**EXERCISE**: In the material below, the lines containing the word "White" are required; copy each of them.

**DATA FOR THIS EXERCISE**:
□ □ □ □
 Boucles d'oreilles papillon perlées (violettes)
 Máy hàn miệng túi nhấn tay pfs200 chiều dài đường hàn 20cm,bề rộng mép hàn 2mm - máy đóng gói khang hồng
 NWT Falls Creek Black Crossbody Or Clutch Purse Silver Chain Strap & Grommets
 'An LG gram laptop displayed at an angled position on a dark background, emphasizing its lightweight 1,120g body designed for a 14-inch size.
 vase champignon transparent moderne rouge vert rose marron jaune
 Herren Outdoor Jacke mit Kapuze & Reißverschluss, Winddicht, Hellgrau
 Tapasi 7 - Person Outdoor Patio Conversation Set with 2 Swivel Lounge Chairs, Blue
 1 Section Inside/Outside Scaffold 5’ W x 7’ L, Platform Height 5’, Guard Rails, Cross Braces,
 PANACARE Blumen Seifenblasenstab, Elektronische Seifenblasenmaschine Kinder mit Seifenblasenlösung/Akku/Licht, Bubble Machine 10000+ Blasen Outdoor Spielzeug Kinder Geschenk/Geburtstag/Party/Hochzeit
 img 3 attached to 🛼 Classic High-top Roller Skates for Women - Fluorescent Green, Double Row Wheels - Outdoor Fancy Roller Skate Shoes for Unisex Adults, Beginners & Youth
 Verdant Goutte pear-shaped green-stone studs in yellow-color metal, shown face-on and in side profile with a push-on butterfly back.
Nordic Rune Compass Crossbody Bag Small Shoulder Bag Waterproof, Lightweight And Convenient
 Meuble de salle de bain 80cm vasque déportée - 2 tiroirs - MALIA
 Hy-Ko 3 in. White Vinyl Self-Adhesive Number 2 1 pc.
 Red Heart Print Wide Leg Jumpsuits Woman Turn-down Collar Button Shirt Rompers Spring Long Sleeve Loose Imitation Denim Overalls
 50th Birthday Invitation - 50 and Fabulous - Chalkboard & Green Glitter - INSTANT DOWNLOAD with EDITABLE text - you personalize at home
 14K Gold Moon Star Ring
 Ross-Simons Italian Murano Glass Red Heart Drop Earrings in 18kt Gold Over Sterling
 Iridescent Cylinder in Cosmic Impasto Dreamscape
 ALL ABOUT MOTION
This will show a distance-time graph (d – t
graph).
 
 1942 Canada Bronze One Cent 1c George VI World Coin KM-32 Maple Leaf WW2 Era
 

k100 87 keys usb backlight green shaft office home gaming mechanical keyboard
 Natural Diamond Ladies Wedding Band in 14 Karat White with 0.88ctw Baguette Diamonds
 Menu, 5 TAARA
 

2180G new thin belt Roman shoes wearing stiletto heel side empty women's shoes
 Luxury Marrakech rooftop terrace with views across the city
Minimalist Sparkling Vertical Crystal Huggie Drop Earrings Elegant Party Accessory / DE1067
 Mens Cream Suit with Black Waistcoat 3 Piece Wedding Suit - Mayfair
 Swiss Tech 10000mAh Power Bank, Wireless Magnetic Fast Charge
□ □ □ □
**ANSWER TO THIS PROBLEM**:
 Hy-Ko 3 in. White Vinyl Self-Adhesive Number 2 1 pc.
 Natural Diamond Ladies Wedding Band in 14 Karat White with 0.88ctw Baguette Diamonds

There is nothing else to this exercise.